• Try it
Among the entries below, find the line with "New Career Center in Pine Bluff" and the line with "Oculus Quest 游戏《邪恶之地》Amid Evil VR". Return exactly those lines and every line between them, but no pictures.

• Image-caption web data
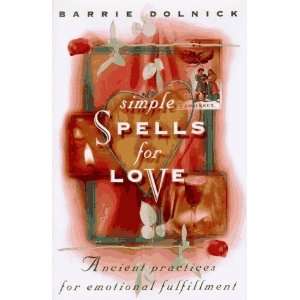  Simple Spells for Love Ancient Practices for Emotional 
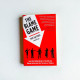 The Blame Game: How the Hidden Rules of Credit and Blame Determine Our Success or Failure The Blame Game: How the Hidden Rules of Credit and Blame Determine Our Success or Failure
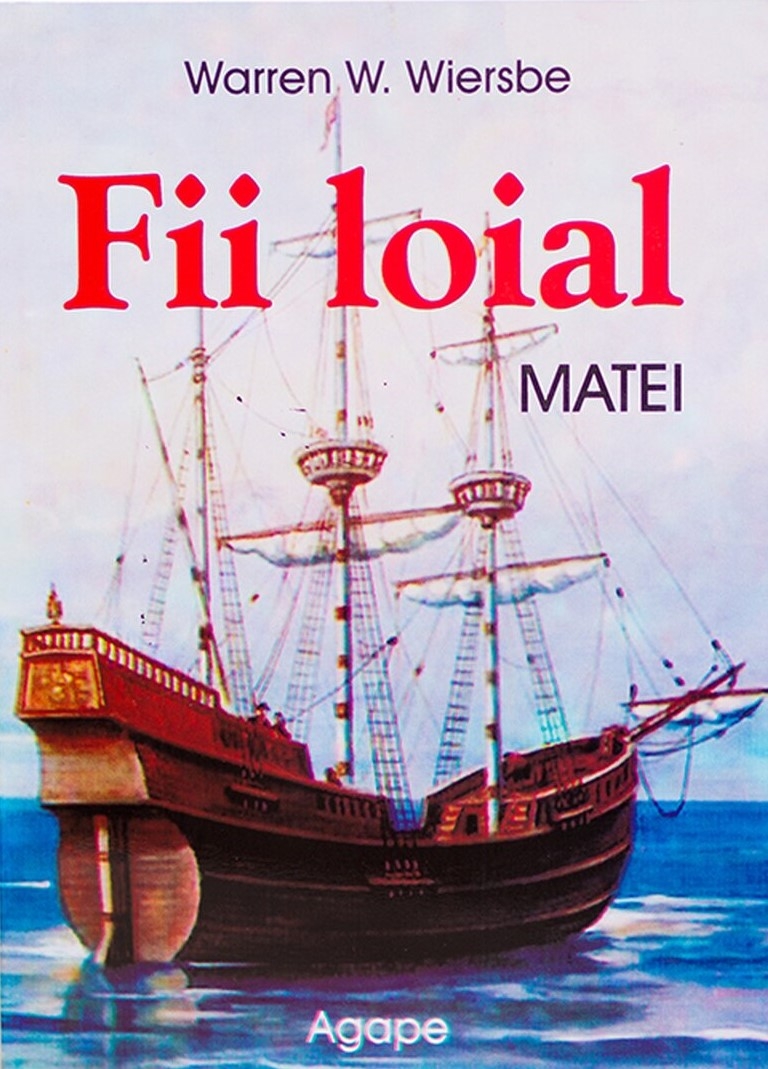 Fii loial - comentariu biblic Evanghelia dupa Matei Fii loial - comentariu biblic Evanghelia dupa Matei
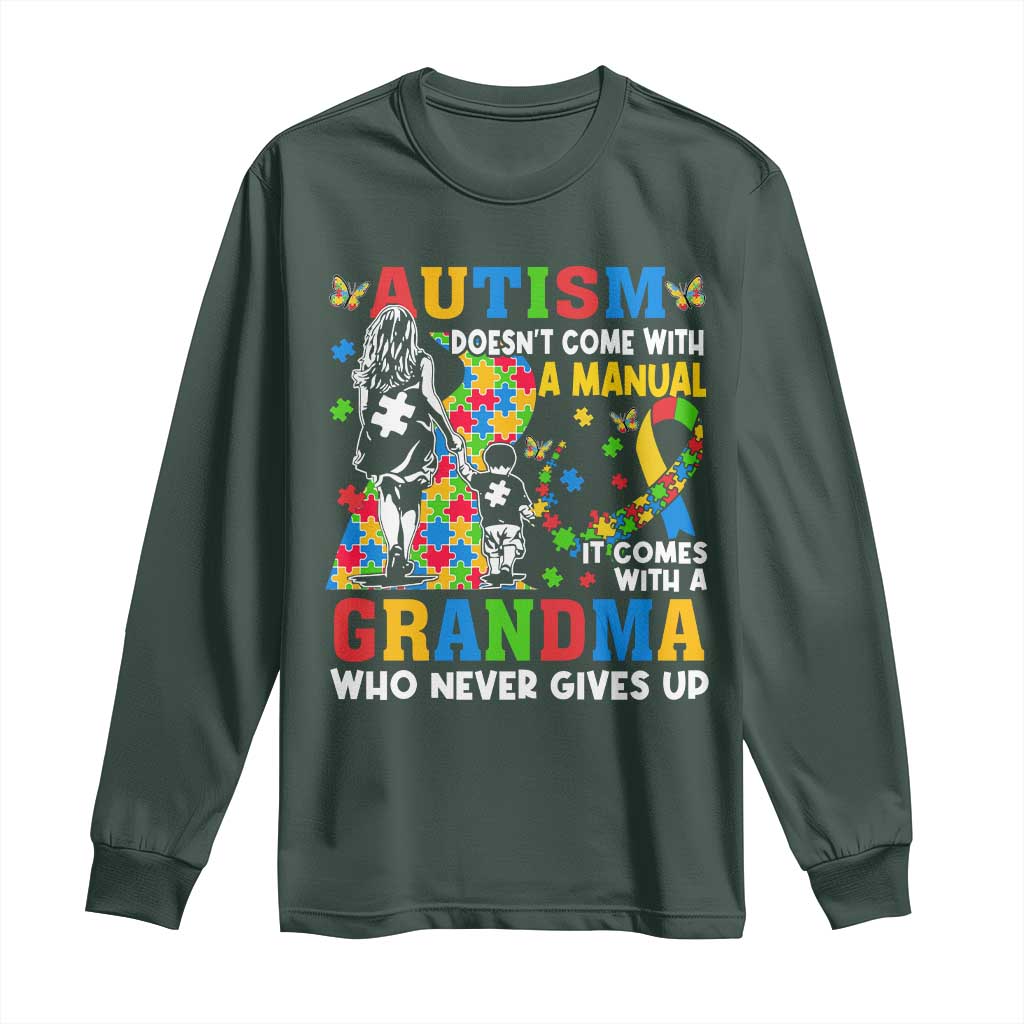 Autism Grandma Long Sleeve Shirt Autism Doesn't Come With A Manual It Comes With A Grandma TS11 Dark Forest Green Print Your Wear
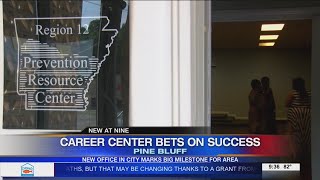 New Career Center in Pine Bluff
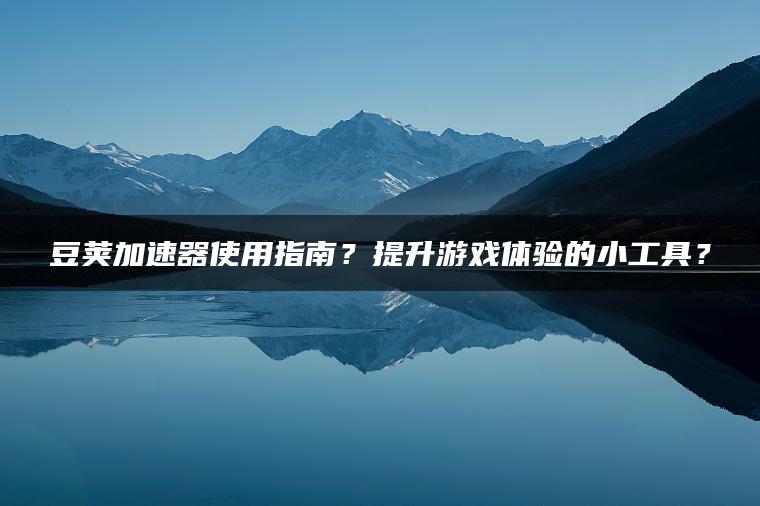 豆荚加速器使用指南？提升游戏体验的小工具？ | ae插件合集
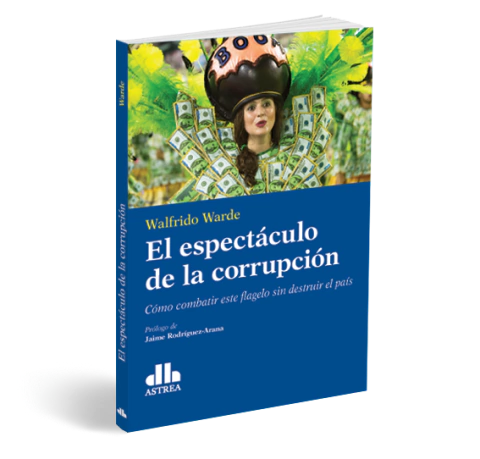 El espectáculo de la corrupción - Warde, Walfrido - Editorial Astrea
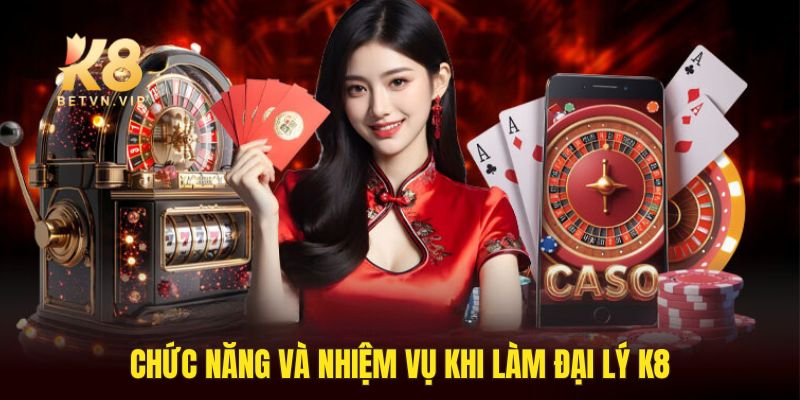 Đại lý K8 - Cơ hội làm giàu nhanh chóng cùng nhà cái K8 3 Chức năng và nhiệm vụ khi làm đại lý tại nhà cái K8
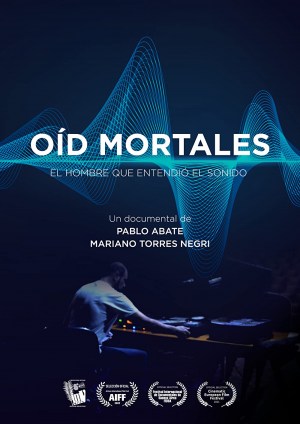 Oíd mortales: el hombre que entendió el sonido Oíd mortales: el hombre que entendió el sonido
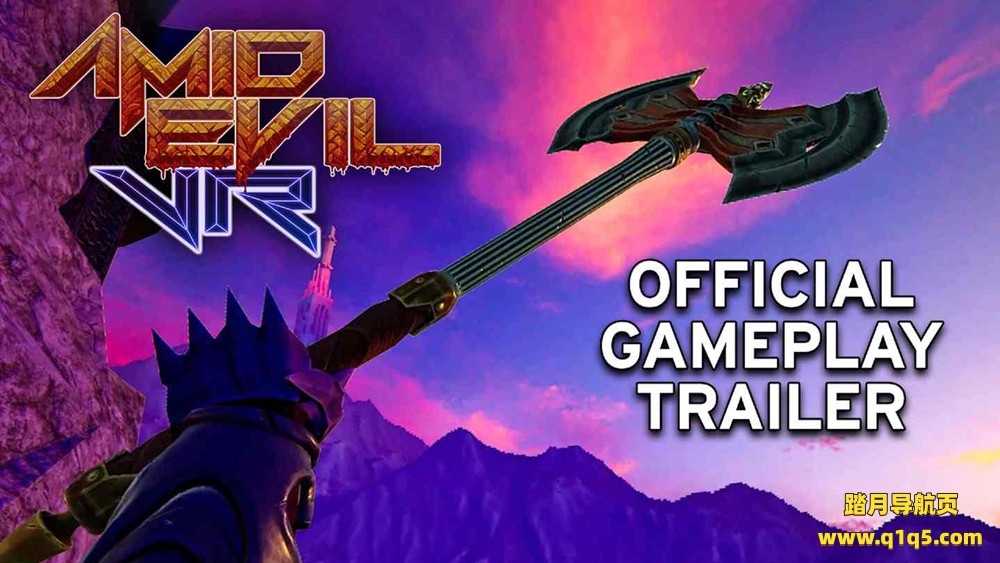 Oculus Quest 游戏《邪恶之地》Amid Evil VR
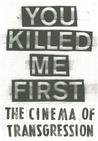 You Killed Me First: The Cinema of Transgression You Killed Me First: The Cinema of Transgression
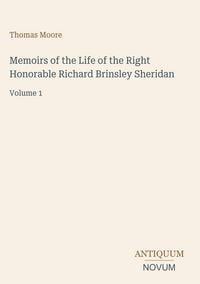 Produktbild: Memoirs of the Life of the Right Honorable Richard Brinsley Sheridan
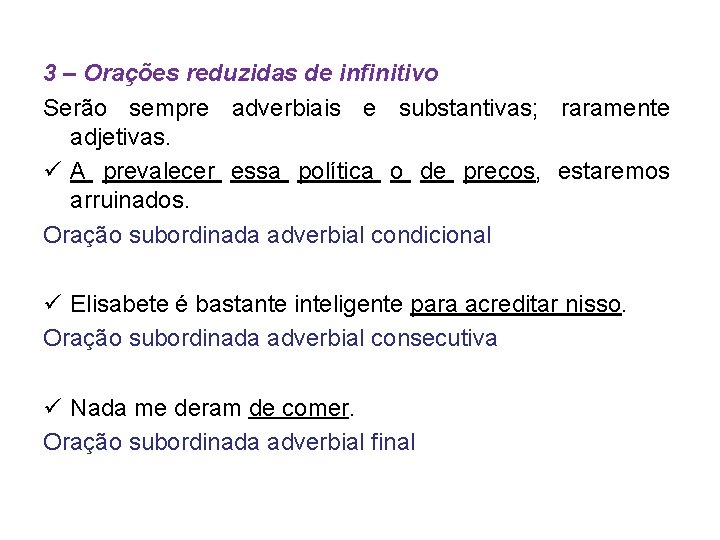 3 – Orações reduzidas de infinitivo Serão sempre adverbiais e substantivas; raramente adjetivas. ü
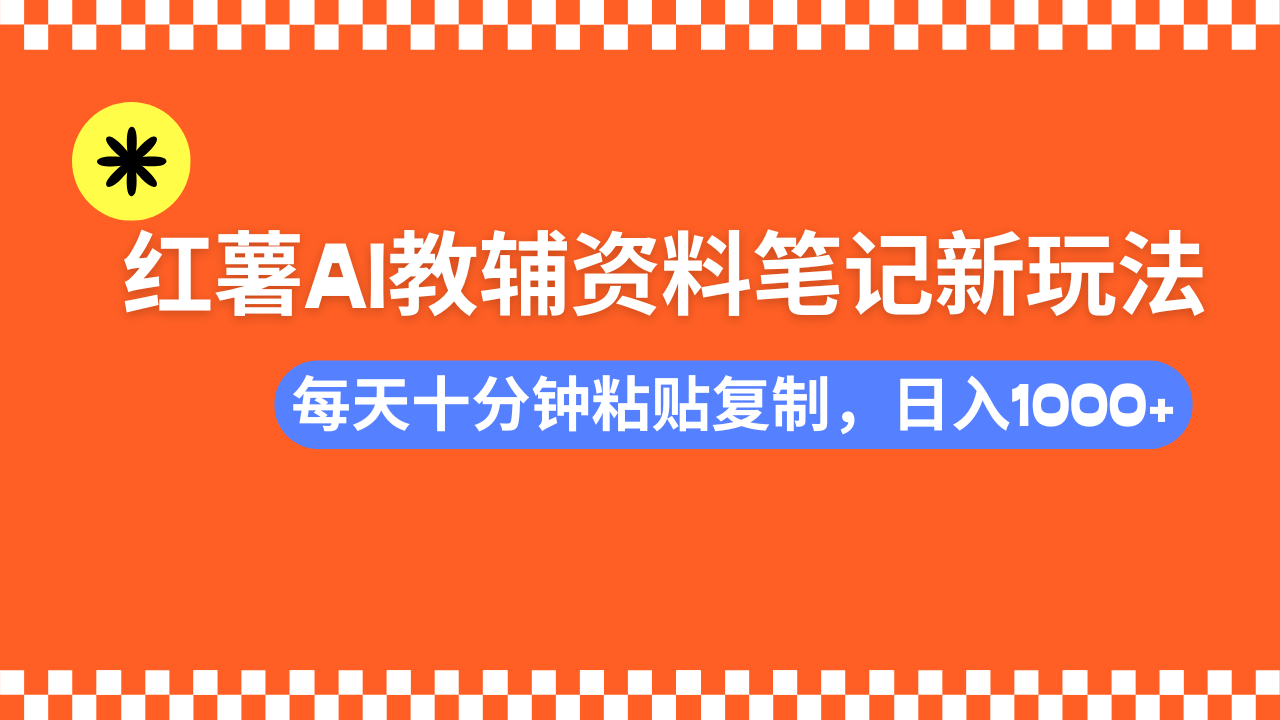 小红书AI教辅资料笔记新玩法,0门槛,可批量可复制,一天十分钟发笔记轻松日入1000+-资源智库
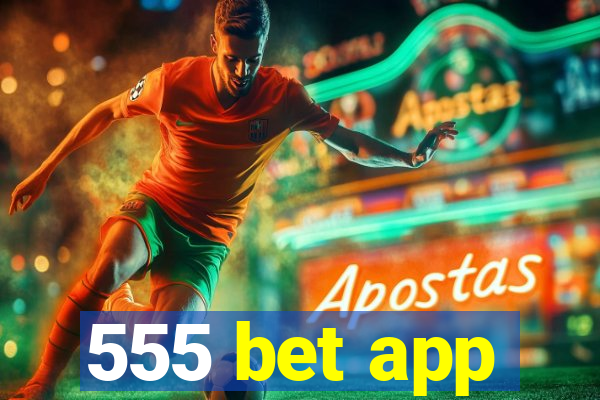 555 bet app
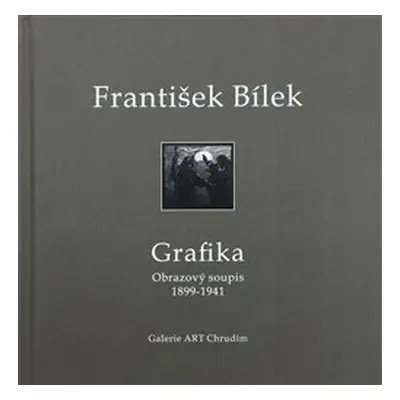 František Bílek - grafika - František Bílek, Pavel Myslín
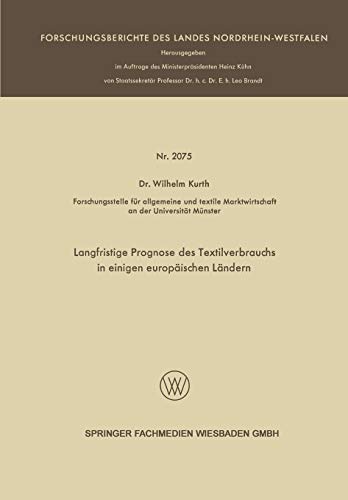 Langfristige Prognose des Textilverbrauchs in Einigen Europäischen Ländern (Forschungsberichte des Landes Nordrhein-Westfalen)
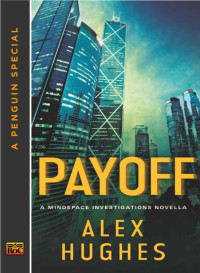 Alex Hughes — Payoff: A Mindspace Investigations Novella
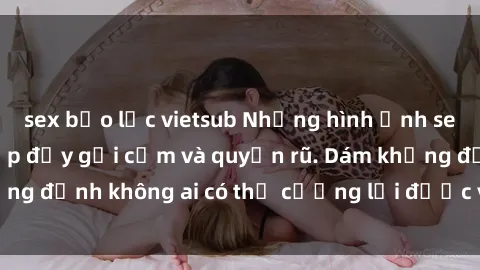 sex bạo lực vietsub Những hình ảnh sex gái Việt xinh đẹp đầy gợi cảm và quyến rũ. Dám khẳng định không ai có thể cưỡng lại được vẻ đẹp của họ.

• Exercise response
 New Career Center in Pine Bluff
 豆荚加速器使用指南？提升游戏体验的小工具？ | ae插件合集
 El espectáculo de la corrupción - Warde, Walfrido - Editorial Astrea
 Đại lý K8 - Cơ hội làm giàu nhanh chóng cùng nhà cái K8 3 Chức năng và nhiệm vụ khi làm đại lý tại nhà cái K8
 Oíd mortales: el hombre que entendió el sonido Oíd mortales: el hombre que entendió el sonido
 Oculus Quest 游戏《邪恶之地》Amid Evil VR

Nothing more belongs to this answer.